Do you know what an IDFA is? If not, you’re about to find out…
IDFA stands for “Identifier for Advertisers.” It’s the mobile phone version of an IP address, assigned to each phone by Apple. Like an IP address, your personal information is not attached to the data being tracked… but your search patterns and location are.
In just a few weeks, iOS will be rolling out an IDFA opt-out. For networks like Facebook and Instagram who rely heavily on this data for their advertising, several challenges will be presented to their paid traffic if most people opt out (which is the worst case scenario but decently likely).
In response to this Facebook has launched a campaign advocating against this opt-out option, they say, to protect small businesses who rely on Facebook and Instagram advertisements for significant amounts of revenue. For sentiments about this campaign and history of this IDFA iOS opt-out rollout, Social Media Today did a great job covering it yesterday.
Some of you reading this today fall into the category I mentioned above—you either rely on paid traffic (namely Facebook and Instagram ads) for audience growth, conversions, and/or both. My message to you is not to panic right now. Here’s why…
The most successful Facebook and Instagram ads strategy that I recommend to-date (even with IDFAs enabled) are “video views” campaigns. I design these campaigns with the main purpose of creating a warm audience before I run a conversion ad. First, I start with a broadly targeted interest-based audience for a client’s product or service. Then, I run a video-based ad to that interest-based audience to capture a custom audience of people who view that video for 10+ seconds. I then run a conversion ad to that (warm) custom audience.
The reason I recommend this strategy (and why it works so well), is that people who view your video for longer than ten seconds are essentially telling you “I am interested in you.” If you can make a custom audience of people who are saying “I am interested in you” (or in other words a warm audience) before you run a conversion ad, then that conversion ad is likely to get results for less of an up-front investment. After all, we know it’s easier to convert a warm audience than a cold one… on and offline. Most advertisers spend a lot more on conversion ads than they should because they don’t take the “weed out” step. Instead, they rely upon the interest-based targeting they did up front, resulting in targeting an expensive cold audience for conversion ads.
How does this strategy protect me from the IDFA opt-outs you may ask?
Here’s the magic: Never in the above text did I say, “retarget users who clicked on your website.” IDFA and IP address data are not needed.

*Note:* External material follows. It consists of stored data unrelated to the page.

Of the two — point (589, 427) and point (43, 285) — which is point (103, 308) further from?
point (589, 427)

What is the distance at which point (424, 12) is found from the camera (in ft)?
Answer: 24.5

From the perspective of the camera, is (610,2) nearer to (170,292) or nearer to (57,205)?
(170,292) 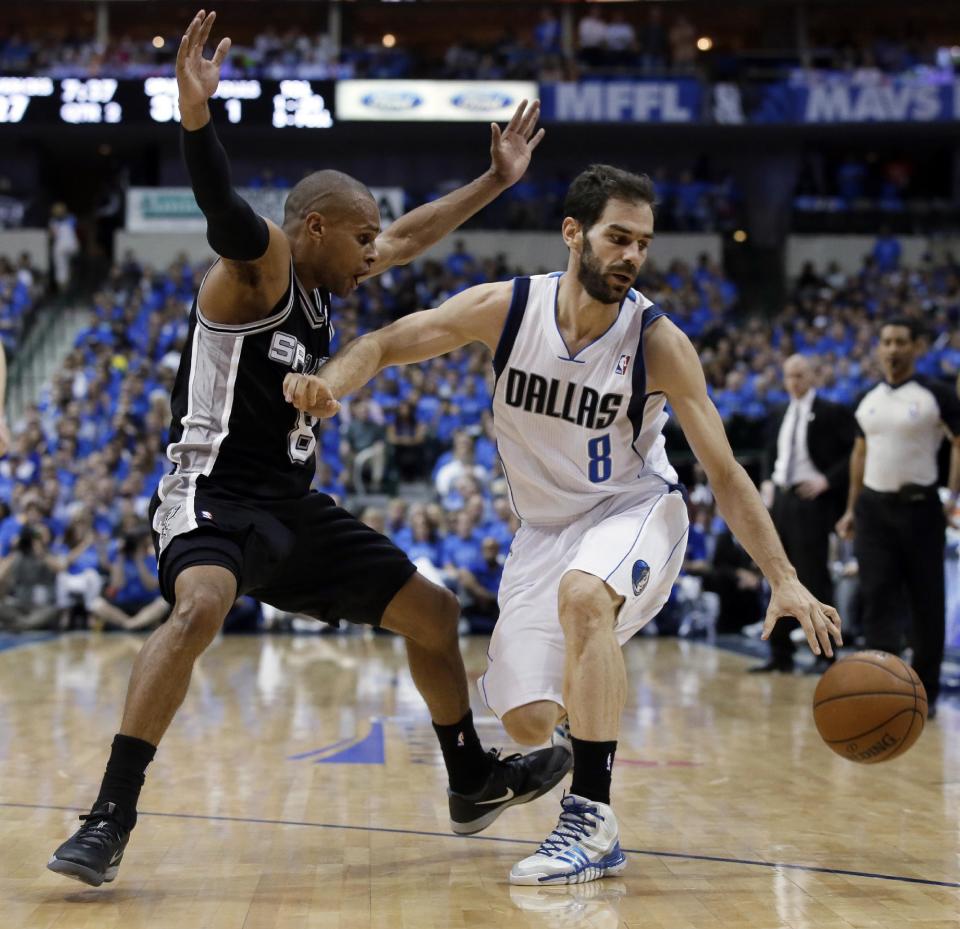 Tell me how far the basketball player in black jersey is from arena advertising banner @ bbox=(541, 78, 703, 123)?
2041 centimetres

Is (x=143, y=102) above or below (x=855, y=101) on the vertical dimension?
below

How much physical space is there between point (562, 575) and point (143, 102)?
2071 centimetres

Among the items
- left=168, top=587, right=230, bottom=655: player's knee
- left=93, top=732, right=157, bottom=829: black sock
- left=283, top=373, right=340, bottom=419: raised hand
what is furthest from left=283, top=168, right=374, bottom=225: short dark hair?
left=93, top=732, right=157, bottom=829: black sock

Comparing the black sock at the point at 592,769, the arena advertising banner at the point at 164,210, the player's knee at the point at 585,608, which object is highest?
the arena advertising banner at the point at 164,210

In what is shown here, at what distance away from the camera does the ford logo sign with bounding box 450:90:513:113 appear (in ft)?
78.8

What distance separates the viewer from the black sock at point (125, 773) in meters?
3.71

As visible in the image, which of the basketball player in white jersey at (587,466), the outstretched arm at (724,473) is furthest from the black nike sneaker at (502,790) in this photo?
the outstretched arm at (724,473)

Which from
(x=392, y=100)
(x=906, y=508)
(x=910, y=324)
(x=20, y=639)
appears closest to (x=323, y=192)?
(x=910, y=324)

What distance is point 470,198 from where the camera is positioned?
5039 millimetres

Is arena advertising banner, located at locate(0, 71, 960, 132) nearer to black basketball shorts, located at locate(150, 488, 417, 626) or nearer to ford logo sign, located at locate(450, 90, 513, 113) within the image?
ford logo sign, located at locate(450, 90, 513, 113)

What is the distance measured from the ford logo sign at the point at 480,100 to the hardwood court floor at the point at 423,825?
17.5 meters

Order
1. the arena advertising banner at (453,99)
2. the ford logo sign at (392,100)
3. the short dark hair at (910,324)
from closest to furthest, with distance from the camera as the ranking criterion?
the short dark hair at (910,324) → the ford logo sign at (392,100) → the arena advertising banner at (453,99)

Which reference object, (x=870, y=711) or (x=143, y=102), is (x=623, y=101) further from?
(x=870, y=711)

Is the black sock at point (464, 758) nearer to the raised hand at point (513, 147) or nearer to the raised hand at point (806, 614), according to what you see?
the raised hand at point (806, 614)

Don’t get me wrong—retargeting is a gold-standard strategy, but we may not be able to use that strategy as meaningfully as we did before post IDFA opt-outs… so we have to make plans to work with the most powerful strategies upon which we still can rely. Luckily, the strategy I described above works phenomenally well—with IDFA enabled or not because it never requires a user to leave the Facebook app to be retargeted. In other words, Facebook (and thus Instagram) owns and tracks its own video view data.
As with everything in marketing, one sole strategy should not drive your conversions. If you rely completely on paid traffic for conversions, then you need to strengthen your organic strategy and your email marketing strategy. In the meantime, though, there are alternatives to making Facebook and Instagram ads work in a post IDFA opt-out world.
And here’s a parting word to the wise… if you read my above strategy and are now experimenting with video views ads on the Facebook/Instagram ads platform, don’t use the Audience Network option and expect Facebook to track those views… Facebook can’t track those off app views right now even with IDFAs enabled (this info and more tips and strategies like this are included in my courses and coaching programs.)
Again, don’t panic. There are alternatives to IDFA data… just start preparing now.